A principios de 1560 recibió don García en Concepción reales despachos en que se le anunciaba que el rey de España Felipe II había nombrado gobernador de Chile a don Francisco de Villagrán, y que su padre, el marqués de Cañete, había dejado de ser virrey del Perú, falleciendo poco después.

Don García, al recibir estas noticias, partió para Santiago, y a principios de 1561 se embarcó para el Perú, dejando como gobernador interino a Rodrigo de Quiroga, que permaneció en Concepción hasta que llegó a las costas de Chile Villagrán, el 5 de junio de este mismo año.

En estas circunstancias, supo el padre fray Antonio de San Miguel su preconización, se hizo consagrar en Lima, y aprovechándose del prestigio y buenas relaciones que tenía en esta ciudad, sostuvo que la ciudad de Concepción debía quedar dentro de los límites de su diócesis, y dirigió aun largas comunicaciones al Rey en este sentido. Cuando creyó dejar estos negocios en buen camino, se embarcó para Chile. Antes de salir de Lima, asistió al concilio de 1567, convocado por el primer arzobispo de la ciudad de los Reyes, don fray Jerónimo de Loaisa, y con don Melchor Bravo de Saravia se vino a Concepción a exigir de la audiencia un informe favorable a sus pretensiones. Despachado este conforme a los deseos del enérgico prelado, pretendió en seguida que la sede de su diócesis fuera trasladada a aquella ciudad y para obtenerlo se dirigió también al Rey, aunque sin conseguir lo que deseaba, porque la traslación no se hizo sino muchos años después.

Quedó con la decisión de la audiencia establecido que fuera el Maule la línea divisoria de ambas diócesis, y aunque el segundo obispo de Santiago, don Fray Fernando de Barrionuevo, quiso resucitar la cuestión poco después, pidiendo al rey la renovación de este fallo, la división subsistió, y subsiste hasta hoy el mismo límite entre las diócesis de Concepción y Santiago.

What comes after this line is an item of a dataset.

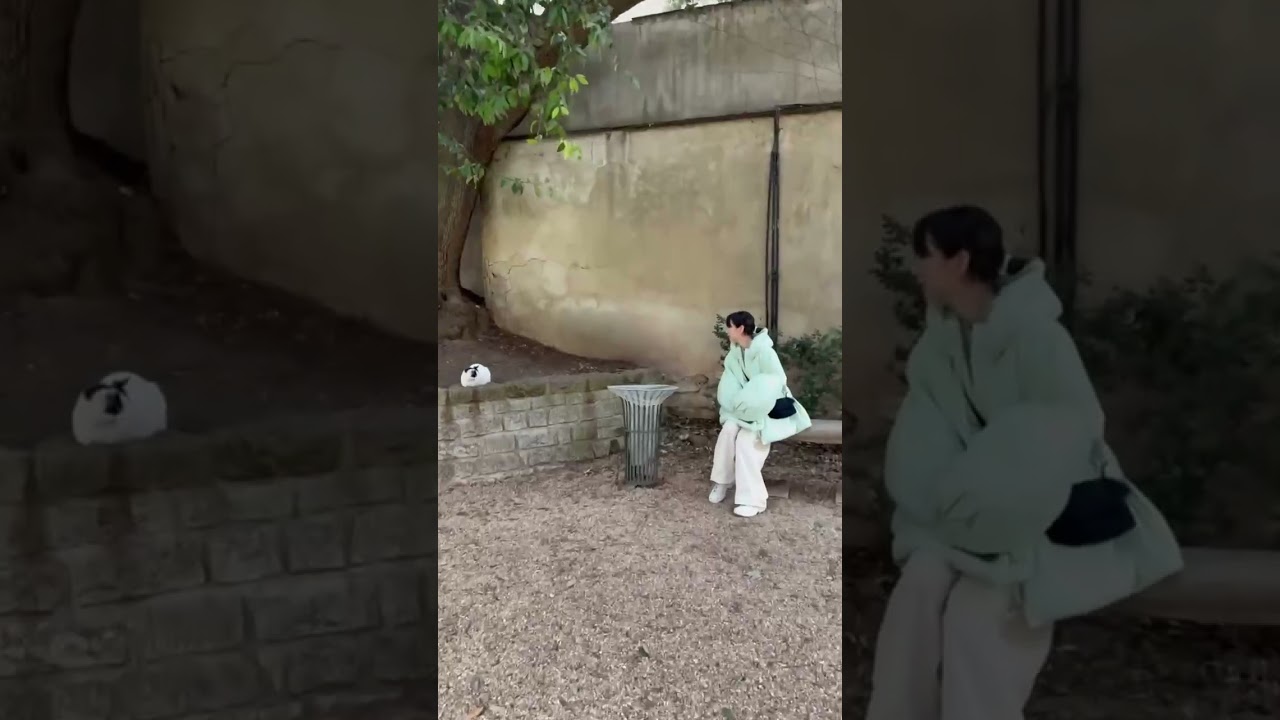 猫扱いすると、つれない素ぶり。 のん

Era el ilustrísimo obispo San Miguel, por lo que sus cartas13 y sus actos descubren, un hombre de claro talento, de ilustración y energía poco comunes14, y de un celo apostólico proporcionado a las grandes necesidades de los lugares y época en que vivió. Mariño de Lobera alaba su vida ejemplar y austera, su humildad y compostura, su prudencia y recato, su elocuencia y actividad. Apenas pudo observar de cerca el estado de los negocios de Chile, se convenció de que el empecinamiento y saña de los indios era causado en gran parte por la crueldad de los militares y brutal avaricia de los inhumanos encomenderos, que trataban como a bestias de los indios vencidos o pacificados. El deseo de remediar estos males le impulsó a dirigir al rey repetidas comunicaciones, a pedir a la audiencia que mandara uno de sus oidores a visitar los repartimientos y encomiendas, visita que hicieron los oidores Venegas y Vera en todo el país, y a predicar constantemente a los encomenderos la claridad y dulzura en su trato con los indios, como el mejor medio de someterlos sin necesidad de sangre y batallas.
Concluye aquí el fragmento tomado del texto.